GIVEN DATA
= = = = =
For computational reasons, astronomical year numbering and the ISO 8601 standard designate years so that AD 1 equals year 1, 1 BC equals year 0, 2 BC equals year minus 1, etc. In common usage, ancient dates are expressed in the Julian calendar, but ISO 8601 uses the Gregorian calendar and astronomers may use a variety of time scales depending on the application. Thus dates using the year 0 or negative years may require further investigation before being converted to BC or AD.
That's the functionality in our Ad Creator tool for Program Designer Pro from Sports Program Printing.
= = = = =
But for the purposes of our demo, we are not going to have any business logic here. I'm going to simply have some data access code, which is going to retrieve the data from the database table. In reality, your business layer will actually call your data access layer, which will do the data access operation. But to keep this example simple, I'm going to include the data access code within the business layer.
= = = = =
WHAT YOU ARE ASKED TO DO
Give the number of lines in the entries that contain the word "from", with no other text.

WRITTEN ANSWER
2